6月に見た映画の感想

6/1 犬王

メチャ好きだったし面白かった。

湯浅政明野木亜紀子くらいしか前情報を知らずに見に行ったのでどういう話なのか、前提知識があった方がいいか恐る恐るだったが、いい意味でこういう不安を吹っ飛ばされた。

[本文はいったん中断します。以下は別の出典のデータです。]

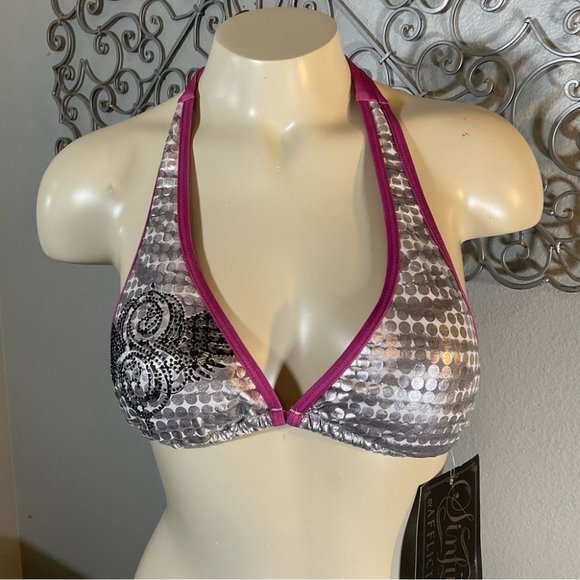 Sinful Other - Sinful by Affliction Legendary Triangle Bikini Top Purple & Silver Zebra Print M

口上から始まった本編は、序盤こそマトモな風であったが、異形と友魚が出会った辺りから様子がおかしくなり、最終的には室町時代に現代のエンタメを詰め込んだような愉快な映画に仕上がっていた。序盤は序盤で草薙剣を取り出した時の神々しさや、視覚を失った友魚の視界が、聴覚や触覚によって開かれる演出など心を動かされるシーンも多かった。厳島での法要では、琵琶法師の歌声の轟きに圧倒された。

異形と出会ってからは友魚は琵琶法師らしからぬ風体で、自分のやりたい表現に傾倒していくのだが、それがどれだけ奇妙でも、実際パフォーマンスではギターなどの当時にあり得ない音が鳴っていたわけだが、受け入れてしまう説得力があり、見ていて楽しかった。

残念だった点を強いて挙げるなら歌詞が聞き取りづらかったことがあるが、だからこそ鯨の合いの手が印象的にもなっている所もあり……。ただ前者の方がトータルの効用は高そう、

実際に歌詞つき上映もされているようだし。